As I mentioned in that older post, if someone can give honest feedback, they can be a beta reader. Beta readers typically comment on things like confusing sentences or plot events, where their attention wavers, and what they think of the characters.
So we’re not necessarily looking for writing craft experts. Instead, we’re often looking for people we connect with, people who will follow through on promises, and people who can read with awareness. That means we want someone who will push us and our story to be better.
Step One: Want to Be Better
Before we look for beta readers, we have to ensure that we’re ready to receive feedback. It won’t do any good to track down beta readers if we’re going to ignore everything they say or if we’re going to get upset that they didn’t love our work as is.

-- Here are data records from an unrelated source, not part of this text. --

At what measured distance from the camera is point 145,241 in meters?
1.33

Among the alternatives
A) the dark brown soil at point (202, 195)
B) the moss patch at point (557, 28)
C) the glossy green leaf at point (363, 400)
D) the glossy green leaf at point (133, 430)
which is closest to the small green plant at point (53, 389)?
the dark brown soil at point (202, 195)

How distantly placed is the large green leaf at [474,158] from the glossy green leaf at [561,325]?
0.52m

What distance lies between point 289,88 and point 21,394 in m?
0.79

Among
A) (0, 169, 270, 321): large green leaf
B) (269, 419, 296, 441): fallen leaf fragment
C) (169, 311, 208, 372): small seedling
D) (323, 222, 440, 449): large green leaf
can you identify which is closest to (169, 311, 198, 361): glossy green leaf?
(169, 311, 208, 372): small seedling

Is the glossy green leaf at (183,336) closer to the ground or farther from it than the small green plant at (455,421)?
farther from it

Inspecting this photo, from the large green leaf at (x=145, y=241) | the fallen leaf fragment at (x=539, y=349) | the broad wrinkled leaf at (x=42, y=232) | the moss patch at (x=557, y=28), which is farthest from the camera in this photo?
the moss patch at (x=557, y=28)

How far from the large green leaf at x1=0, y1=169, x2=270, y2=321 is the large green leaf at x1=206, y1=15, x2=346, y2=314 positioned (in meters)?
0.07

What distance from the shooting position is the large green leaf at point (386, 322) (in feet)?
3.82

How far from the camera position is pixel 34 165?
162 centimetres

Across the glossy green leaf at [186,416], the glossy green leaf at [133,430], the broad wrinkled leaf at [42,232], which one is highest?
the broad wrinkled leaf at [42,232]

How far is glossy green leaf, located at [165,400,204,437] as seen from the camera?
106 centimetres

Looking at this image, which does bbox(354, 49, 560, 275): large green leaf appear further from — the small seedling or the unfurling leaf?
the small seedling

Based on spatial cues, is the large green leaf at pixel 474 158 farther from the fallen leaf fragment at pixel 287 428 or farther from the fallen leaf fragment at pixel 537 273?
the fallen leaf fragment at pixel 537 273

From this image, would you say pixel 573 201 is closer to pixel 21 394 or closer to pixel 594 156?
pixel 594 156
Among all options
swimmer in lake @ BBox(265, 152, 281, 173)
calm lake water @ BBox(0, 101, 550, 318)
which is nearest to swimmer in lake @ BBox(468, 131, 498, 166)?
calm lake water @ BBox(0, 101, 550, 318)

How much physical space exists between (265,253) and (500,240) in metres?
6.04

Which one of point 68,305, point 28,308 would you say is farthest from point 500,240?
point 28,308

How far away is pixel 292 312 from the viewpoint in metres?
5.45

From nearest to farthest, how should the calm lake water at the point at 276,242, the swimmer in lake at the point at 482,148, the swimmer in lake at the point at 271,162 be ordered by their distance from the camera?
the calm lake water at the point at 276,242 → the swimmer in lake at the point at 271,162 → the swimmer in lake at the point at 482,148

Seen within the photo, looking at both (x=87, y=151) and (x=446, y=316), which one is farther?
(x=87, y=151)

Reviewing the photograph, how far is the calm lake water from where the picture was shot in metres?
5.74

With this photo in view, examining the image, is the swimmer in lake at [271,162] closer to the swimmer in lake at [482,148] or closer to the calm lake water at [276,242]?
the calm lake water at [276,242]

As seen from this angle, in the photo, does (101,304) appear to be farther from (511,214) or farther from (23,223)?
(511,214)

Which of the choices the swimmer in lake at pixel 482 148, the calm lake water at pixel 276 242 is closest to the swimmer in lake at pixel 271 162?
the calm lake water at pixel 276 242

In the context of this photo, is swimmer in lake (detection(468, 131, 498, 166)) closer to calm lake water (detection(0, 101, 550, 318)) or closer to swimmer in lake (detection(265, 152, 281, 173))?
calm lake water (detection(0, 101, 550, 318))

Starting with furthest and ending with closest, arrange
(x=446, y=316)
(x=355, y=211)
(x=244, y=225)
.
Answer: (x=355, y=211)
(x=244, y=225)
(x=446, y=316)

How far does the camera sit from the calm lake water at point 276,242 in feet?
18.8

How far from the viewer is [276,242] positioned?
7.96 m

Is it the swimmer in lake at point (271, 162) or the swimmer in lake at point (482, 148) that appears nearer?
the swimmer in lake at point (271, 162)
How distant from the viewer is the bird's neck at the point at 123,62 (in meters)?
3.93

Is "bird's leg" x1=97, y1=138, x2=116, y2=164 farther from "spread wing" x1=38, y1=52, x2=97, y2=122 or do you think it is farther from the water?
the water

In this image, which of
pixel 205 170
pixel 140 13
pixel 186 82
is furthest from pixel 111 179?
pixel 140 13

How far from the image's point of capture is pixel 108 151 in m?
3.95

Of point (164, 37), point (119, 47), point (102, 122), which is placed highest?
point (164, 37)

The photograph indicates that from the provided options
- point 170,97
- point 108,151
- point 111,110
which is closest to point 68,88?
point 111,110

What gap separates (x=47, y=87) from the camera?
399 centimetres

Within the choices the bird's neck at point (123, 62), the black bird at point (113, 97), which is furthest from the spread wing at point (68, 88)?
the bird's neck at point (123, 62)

Beta readers are not cheerleaders. We’re wasting their time if we can’t honestly want to hear what they have to say. (That doesn’t mean we have to agree with everything they say. *smile*)

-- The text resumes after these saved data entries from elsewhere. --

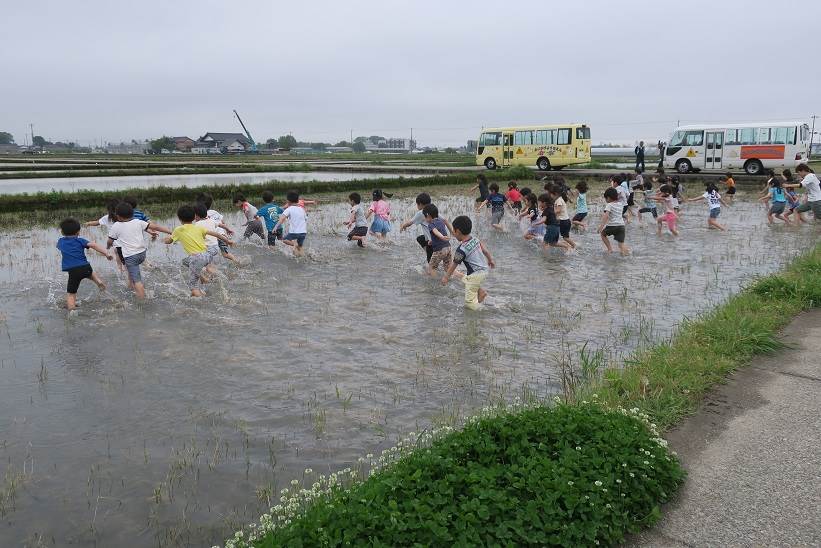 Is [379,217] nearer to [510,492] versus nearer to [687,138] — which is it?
[510,492]

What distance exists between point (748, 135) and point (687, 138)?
272cm

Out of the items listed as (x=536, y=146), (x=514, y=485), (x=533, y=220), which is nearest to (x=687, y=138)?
(x=536, y=146)

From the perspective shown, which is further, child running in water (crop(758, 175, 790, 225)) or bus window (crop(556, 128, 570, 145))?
bus window (crop(556, 128, 570, 145))

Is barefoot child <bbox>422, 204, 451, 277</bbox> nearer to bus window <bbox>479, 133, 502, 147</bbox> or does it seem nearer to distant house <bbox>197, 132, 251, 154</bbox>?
bus window <bbox>479, 133, 502, 147</bbox>

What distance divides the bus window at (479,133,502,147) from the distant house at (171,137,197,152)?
76.6m

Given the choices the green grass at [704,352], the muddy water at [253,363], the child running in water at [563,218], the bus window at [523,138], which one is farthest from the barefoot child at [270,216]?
the bus window at [523,138]

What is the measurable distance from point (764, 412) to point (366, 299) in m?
5.60

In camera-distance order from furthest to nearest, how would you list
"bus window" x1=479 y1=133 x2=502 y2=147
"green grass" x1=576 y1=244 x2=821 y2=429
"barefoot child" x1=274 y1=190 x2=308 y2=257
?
"bus window" x1=479 y1=133 x2=502 y2=147, "barefoot child" x1=274 y1=190 x2=308 y2=257, "green grass" x1=576 y1=244 x2=821 y2=429

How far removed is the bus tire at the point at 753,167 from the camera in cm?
2905

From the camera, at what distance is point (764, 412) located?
475 centimetres

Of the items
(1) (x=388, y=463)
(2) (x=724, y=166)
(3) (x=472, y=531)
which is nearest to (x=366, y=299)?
(1) (x=388, y=463)

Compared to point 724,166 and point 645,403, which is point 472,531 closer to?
point 645,403

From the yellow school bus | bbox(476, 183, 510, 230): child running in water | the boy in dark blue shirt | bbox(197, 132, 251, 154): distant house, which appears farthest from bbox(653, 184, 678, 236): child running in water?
bbox(197, 132, 251, 154): distant house

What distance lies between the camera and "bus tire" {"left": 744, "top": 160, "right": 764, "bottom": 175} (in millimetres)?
29047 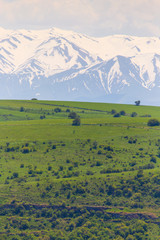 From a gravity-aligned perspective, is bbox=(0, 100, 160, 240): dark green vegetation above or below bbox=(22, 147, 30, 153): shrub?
below

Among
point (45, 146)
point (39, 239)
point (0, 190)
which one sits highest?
point (45, 146)

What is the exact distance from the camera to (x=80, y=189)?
13088cm

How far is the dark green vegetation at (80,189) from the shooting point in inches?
4604

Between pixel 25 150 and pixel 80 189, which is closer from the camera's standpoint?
pixel 80 189

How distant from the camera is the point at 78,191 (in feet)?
429

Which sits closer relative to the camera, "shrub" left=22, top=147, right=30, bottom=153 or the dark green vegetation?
the dark green vegetation

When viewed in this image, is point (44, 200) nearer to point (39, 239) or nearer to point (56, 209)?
point (56, 209)

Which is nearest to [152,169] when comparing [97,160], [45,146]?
[97,160]

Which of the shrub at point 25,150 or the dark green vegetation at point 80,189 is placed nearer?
the dark green vegetation at point 80,189

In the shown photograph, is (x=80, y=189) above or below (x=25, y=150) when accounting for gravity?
below

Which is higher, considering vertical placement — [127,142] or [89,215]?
[127,142]

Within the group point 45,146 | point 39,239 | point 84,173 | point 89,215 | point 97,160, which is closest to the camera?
point 39,239

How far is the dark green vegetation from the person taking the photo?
117 meters

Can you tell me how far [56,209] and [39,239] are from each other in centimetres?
1278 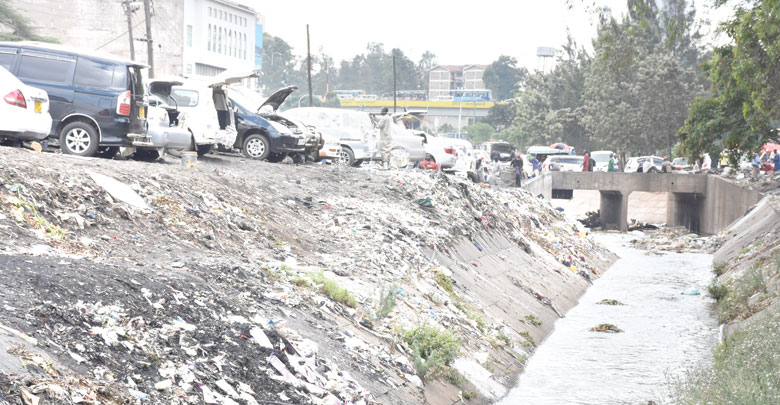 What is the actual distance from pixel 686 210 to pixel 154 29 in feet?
113

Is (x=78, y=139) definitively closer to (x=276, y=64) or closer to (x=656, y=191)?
(x=656, y=191)

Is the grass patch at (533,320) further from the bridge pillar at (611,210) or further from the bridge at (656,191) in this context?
the bridge pillar at (611,210)

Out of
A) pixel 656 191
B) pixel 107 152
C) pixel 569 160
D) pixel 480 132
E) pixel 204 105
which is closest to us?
pixel 107 152

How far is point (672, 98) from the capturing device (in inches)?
2269

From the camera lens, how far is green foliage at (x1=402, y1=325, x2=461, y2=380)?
1030 centimetres

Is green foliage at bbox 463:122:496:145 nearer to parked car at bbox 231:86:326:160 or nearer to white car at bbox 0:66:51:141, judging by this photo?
parked car at bbox 231:86:326:160

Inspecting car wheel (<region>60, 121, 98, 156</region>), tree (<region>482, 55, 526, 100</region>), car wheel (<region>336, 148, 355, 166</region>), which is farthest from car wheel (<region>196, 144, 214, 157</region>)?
tree (<region>482, 55, 526, 100</region>)

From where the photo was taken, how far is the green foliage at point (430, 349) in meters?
10.3

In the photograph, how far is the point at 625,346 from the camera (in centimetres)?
1686

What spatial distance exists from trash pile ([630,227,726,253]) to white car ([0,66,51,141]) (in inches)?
1085

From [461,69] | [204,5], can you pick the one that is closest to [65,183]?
[204,5]

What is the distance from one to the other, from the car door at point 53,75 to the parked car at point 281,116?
21.6ft

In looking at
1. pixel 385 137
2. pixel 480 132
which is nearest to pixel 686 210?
pixel 385 137

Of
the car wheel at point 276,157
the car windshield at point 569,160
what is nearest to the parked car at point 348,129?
the car wheel at point 276,157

If we waste their time, they won’t want to work with us again. And if that happens, we’re back at square one in looking for beta readers. So if we want to keep beta readers, we have to value their time and at least respect their feedback.
Where Can We Find Beta Readers?
Our Current Circle of Non-Writer Friends and Family:
As long as they can read with awareness and provide feedback for what worked or didn’t work for them—and at least hint as to why—they can be a valuable resource.
Our Current Circle of Writer Friends:
- Post a request for beta readers on Twitter, Facebook, WANATribe, your blog, etc.
- Offer to beta read for someone.
For example, when one of those writer memes to “post 2 paragraphs from your work in progress” goes around on Facebook, or when people post snippets of their work on their blog, leave a comment if you love the writing and say, “Let me know if you’re looking for a beta reader. I’d love to read more!” All great partnerships have to start somewhere, and they can start with you reading for them.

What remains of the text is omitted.